StAugustine_041420.png

Faith & Culture is the journal of the Augustine Institute’s Graduate School of Theology. Its mission is to share the “joy in the truth” which our patron St. Augustine called “the good that all men seek.”


Truth is Stranger than Fiction

Truth is Stranger than Fiction

It is said, quite truly, that truth is stranger than fiction. It is, however, equally true to say that the strangest thing in fiction is the truth. This is not to say that truth is strange to fiction and is strange when we find it there. Quite the contrary. It belongs in fiction as an integral and inextricable part of the story; so much so, that we can talk about truth as being the very heart of the story, the invisible yet palpable force that infuses the fictional narrative with the life-blood of meaning. No, the reason that the strangest thing in fiction is the truth, is that the truth in fiction is beguilingly elusive whilst being immanently present. Although it is the very life of a story, it is all too easy to neglect or deny its presence, or even its existence. It is, therefore, essential that we learn to see the truth in fiction and to recognise its role as the conveyer of applicable meaning, the bridge that connects the fictional story with the real story in which we are living.

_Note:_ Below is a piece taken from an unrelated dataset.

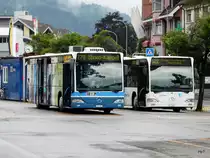 BLWE / Linth Bus - Mercedes Citaro Nr.2  SG 406 unterwegs auf der Linie 770 und Mercedes Citaro Nr.2 SG  11749 unterwegs auf der Linie 622 bei der Haltestelle vor dem Bahnhof in Wattwil am 23.07.2010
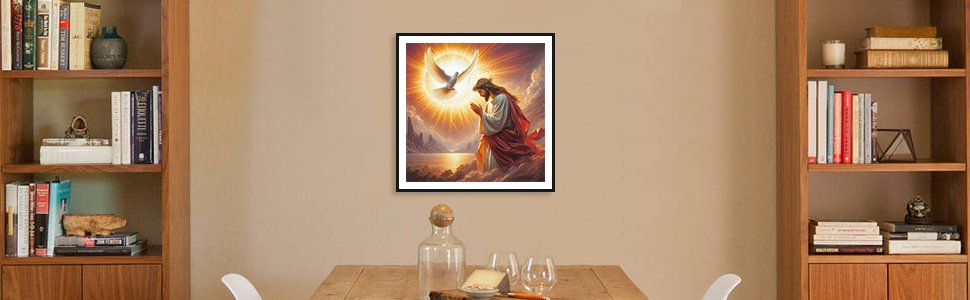 Jesus praying with a dove flying above, depicted in a framed diamond painting on a wall.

So how do we recognise the truth in fiction? First, as in life, we need to distinguish between the two types of truth; between the physical facts and the deeper metaphysical truth. With regard to the former, every fictional story must conform to the facts that govern our lives in this world. We have to be able to recognise reality in the fictional characters that are introduced to us by the author. They have to be believable; they must be credible. They have to be real people even if they are only realized in the imagination. Furthermore, the real imaginary characters have to live in real, believable places. If, for instance, we are reading an historical novel about the wild west, we will not tolerate our gun-toting hero, riding home from the range at sundown and switching on the television with the remote! Even fiction must conform to believable fact. And this rule must be followed even in the realm of fantasy or science fiction. If an eight-headed monster attacks a five-legged alien, in a landscape of orange mountains capped with purple snow under a turquoise sky resplendent with green clouds, we will still picture in our mind’s eye real heads, however ugly, and real legs, however oddly positioned beneath the torso. We will know or presume, unless told otherwise, that the head contains eyes and a mouth, and the legs are for walking, or perhaps running as fast as possible considering the nature of the eight-headed beast in hot pursuit. The mountains will be mountains, regardless of their colour, and the clouds will be clouds. We can change the colour of things, or multiply them, but the things are still things that are facts in our world. If the alien landscape is so alien that we can’t imagine it, the story will be unintelligible, and indeed untellable.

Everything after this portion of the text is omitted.